Однажды я листал иллюстрированный журнал. Мое внимание привлекло одно фото. Вроде бы ничего особенного: банальное в фотографическом смысле восстание в Никарагуа, улица в руинах, которую патрулируют два солдата в касках; на втором плане проходят две монахини. И этот снимок мне понравился? Заинтересовал меня? Заинтриговал меня? Не совсем. Просто он существовал (для меня). Очень скоро я сообразил, что его существование (его «приключение») зависело от соприсутствия двух прерывных, гетерогенных элементов, принадлежащих к разным мирам (нет нужды доходить до контраста), — солдат и монахинь. Я предчувствовал, что намечается структурная закономерность, соответствующая моему собственному взгляду, и старался сразу же ее верифицировать, исследуя другие снимки того же репортера (голландца Коэна Вессинга): многие из его фотоснимков привлекли мое внимание, потому что они заключали в себе ту же двойственность, которую я только что «застолбил». На одном из них мать и дочь громкими рыданиями оплакивают арест отца («эмфатическая истина жеста в великих жизненных обстоятельствах», по выражению Бодлера), и все это происходит в сельской местности (откуда им стала известна эта новость? на кого рассчитаны эти причитания?). На другом снимке на разъезженной мостовой лежит под белой простыней труп ребенка, рядом с ним в горе стоят родственники и друзья; сцена — увы! — ничем не примечательная, но я отметил некоторые «помехи» (disturbances): одна нога трупа необута, плачущая мать несет простыню (зачем она нужна?), в отдалении женщина — несомненно соседка — стоит, поднеся к носу платок. На еще одной фотографии огромные глаза двух маленьких мальчиков в разбомбленной квартире, у одного рубашка задрана на животике — сцену делает тревожной избыток детских глаз.

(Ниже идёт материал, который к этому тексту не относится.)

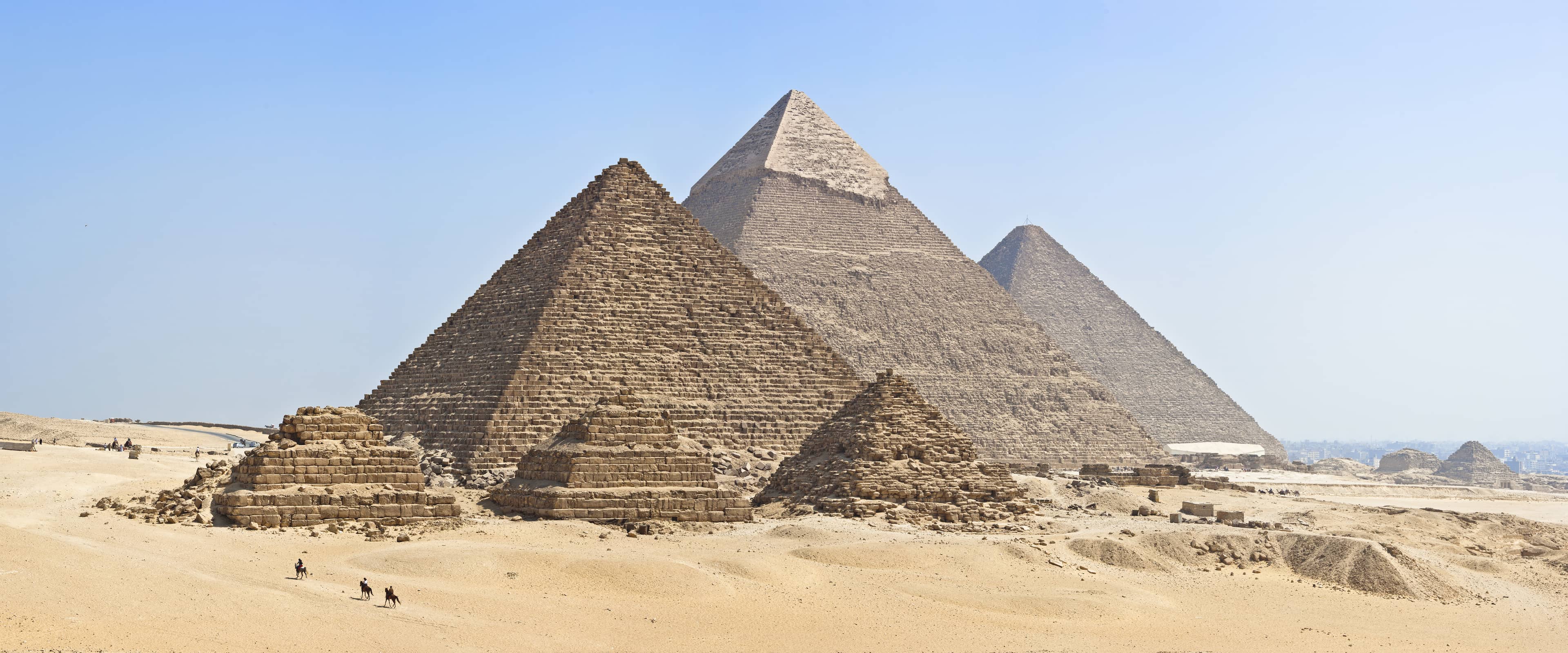 Pyramids of Khafre and Menkaure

«Вскоре я сообразил, что „приключение“ этого снимка зависело от соприсутствия двух элементов…»

Коэн Вессинг. Никарагуа, армия патрулирует улицы. 1979

На другом фото, прислонившись к стене дома, стоят три сандиниста; нижняя часть их лиц прикрыта тряпками (невыносимый запах? мера предосторожности? Тут я бессилен; мне ничего не известно о том, в каких условиях ведется партизанская война); один из сандинистов держит винтовку, она покоится у него в ногах (я рассматриваю его ногти), но другая его рука вытягивается, как если бы он что-то объяснял или показывал. Введенное мной правило заработало — другие фото из того же репортажа привлекли к себе меньшее внимание; они были красивы, они свидетельствовали о величии и ужасе восстания, но на мой взгляд не содержали никаких меток; их гомогенность оставалась культурной: если бы не суровость сюжета, их можно было бы принять за «сцены», выполненные в стиле Греза.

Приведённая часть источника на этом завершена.